Sfilate Milano, Laura Biagiotti porta in passerella un'eleganza aristocratica

Continuano in questa domenica di elezioni elettorali le sfilate di Milano una dopo l'altra senza interruzioni di alcun tipo. Grandi nomi hanno presentato le collezioni di moda donna per il prossimo autunno-inverno 2013-2014 in questo giorno pieno di eventi importanti per il Paese, a partire anche dall'addio con l'ultimo Angelus dell'attuale Papa Benedetto XVI.

Ma lo show si sa, must go on, ed ecco allora che il fashion made in Italy non si ferma un momento ed arriva anche il turno in passerella per le creazioni di una stilista molto amata: Laura Biagiotti. La donna della maison italiana sin dal primo look proposto in catwalk si fa notare per una eterea eleganza aristocratica. I capi d'abbigliamento sono raffinati, femminili, senza tempo. Le lavorazioni dei materiali sono però iper sofisticate, i tessuti intarsiati e decorati con fasto, i particolari delle rifiniture lurex brillanti e lussuosi.

Sfilata Laura Biagiotti alla Milano Moda Donna 2013
Sfilata Laura Biagiotti alla Milano Moda Donna 2013
Sfilata Laura Biagiotti alla Milano Moda Donna 2013

La pelle lavorata a laser invade sotto forma di dècors floreali ricercati i capospalla e le mantelle nelle prime tonalità in passerella, grigio melange e nero su tweed, come in uno scatto polaroid d'antan. E omaggio alle sagome del profumo Roma, iconica fragranza della griffe lanciata nel 1988 che compie 25 anni.
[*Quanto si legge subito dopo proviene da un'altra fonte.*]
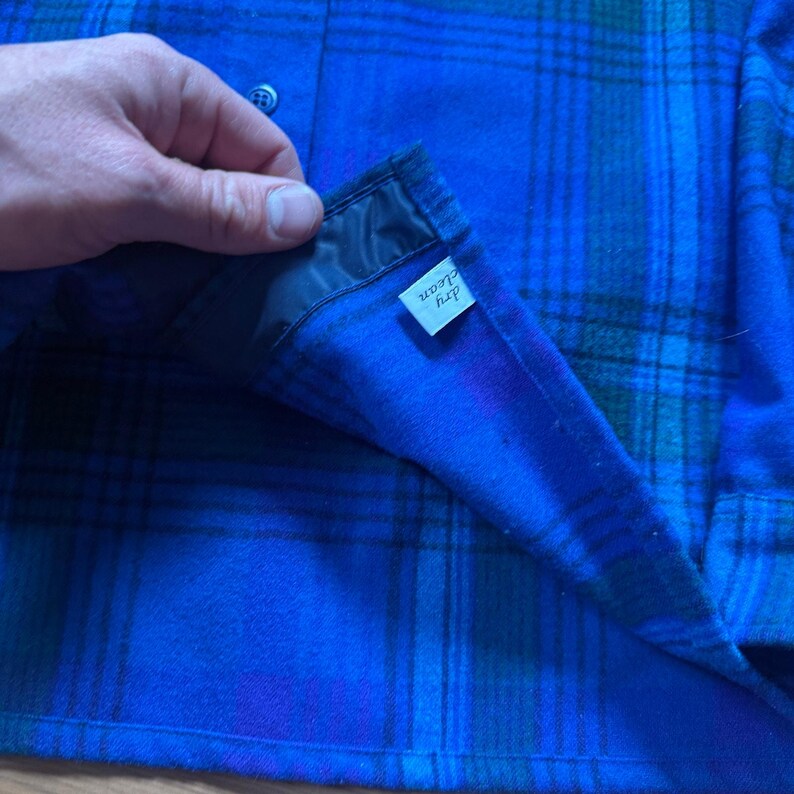 Women's Vintage 80's Pendleton Purple Blue Green Wool Flannel Shirt Sz 10 Medium image 6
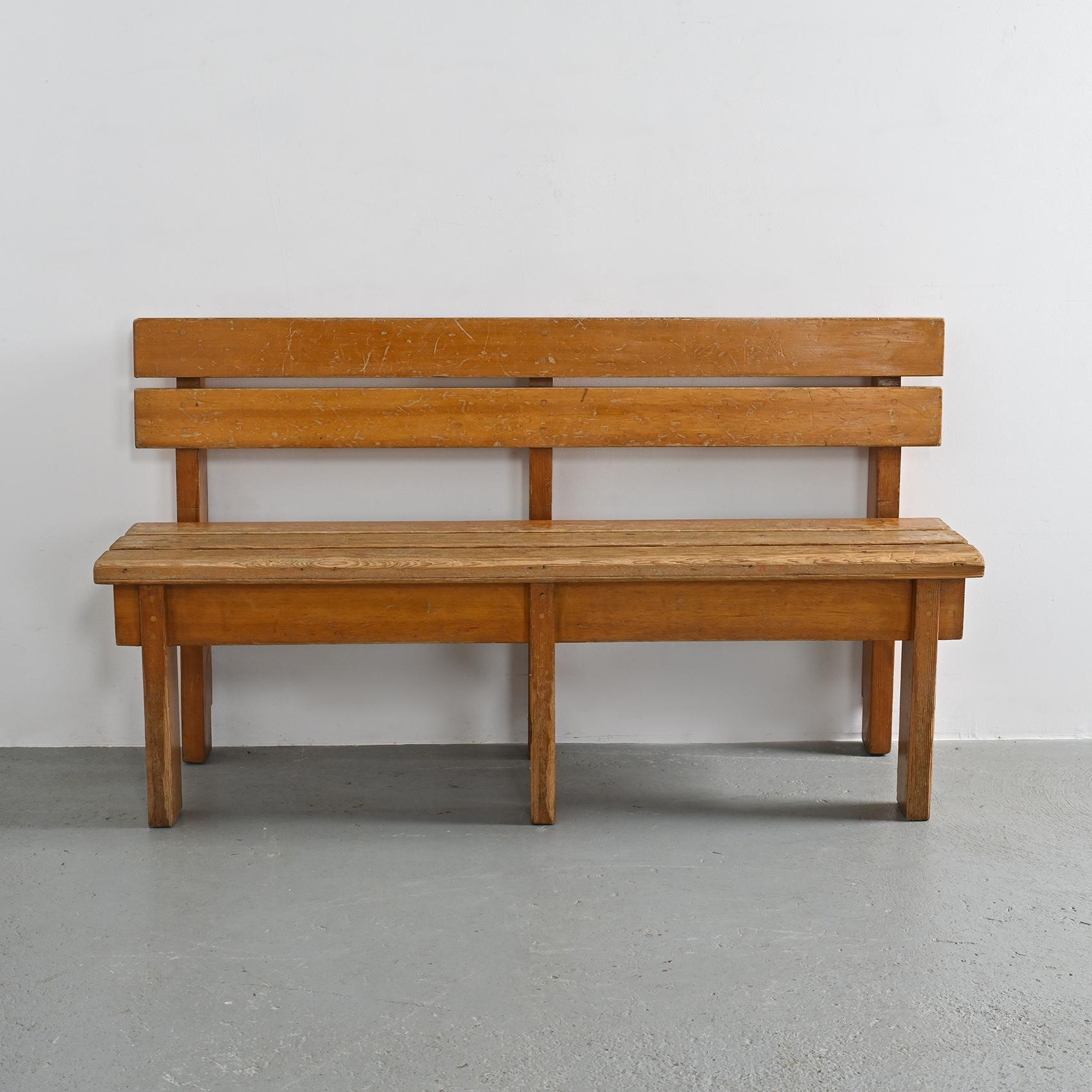 French Pair of Solid Wood Benches by Christian Durupt, Courchevel, circa 1960 For Sale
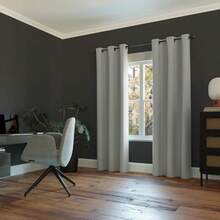 Sun Zero Soho - Cortina oscurecedora con Ojales de bajo Consumo de energía, 137 x 160 cm, Color Blanco(101.6An x 160Al cm (1 Paneles) Gris plateado) - Multicolor - Ver 8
I volumi sono morbidi, la vita enfatizzata da cinture ben strette. Il vestito da giorno sfiora il ginocchio con una gonna ancora una volta di richiamo silhouette anni cinquanta (decade prediletta di questa fashion week milanese), le maniche sono a contrasto in maglia, e il collo soffice e alto d'ispirazione Dolce Vita.

Non salta l'appello il tartan, che si svela attraverso un patch-work di clan, ricavati da preziosi scialli ottocenteschi, stampato su satin, chiffon e panno. Il tartan viene reinterpretato da Laura Biagiotti con un aspetto vagamente used.

Gli accessori sono superbi e dalle note folk, altissime le mary jane con borchiette silver a contrasto o super flat i mocassini stampati animalier, svernano con un po' d'allure rock lo stile sobrio e bon ton. Colli di pelliccia neri macro e guanti in pelle sono piccoli vezzi di stile in più.

La palette dei colori si sposta poi su un elegantissimo bordeaux che dipinge cocktail dress lavorati in intrecci di pizzo. Per poi esplodere in rosso acceso, bluette, total white ottico, ottanio, caldi curry e sfumature di grigio nei look per il giorno, dove è il trionfo e il trait d'union della collezione è la maglieria, abilmente modellata sia in completi pantaloni e cardigan con bottoni tutti chiusi e cinturina in vita, sia in maxiabiti al ginocchio dai pattern check, ed infine sulle mantelle macro dai colletti di pelo lungo. Per un mood comfy e urbano.

Per la sera la donna Biagiotti sfodera tutto il sex appeal più classy chic e torna a vestire di nero nobile e di bianco puro e candido, come a rivelare due lati distinti che convivono nella stessa anima. Vestiti al ginocchio con bustier intarsiati di decorazioni di fiori grafici, long dress effetto vedo non vedo in leggeri e svolazzanti tulle e seta, a maniche scoperte e taglio impero fluttuano in passerella. E poi via via i ricami si infittiscono, i decori diventano via via più preziosi ed elaborati. La femminilità esplode.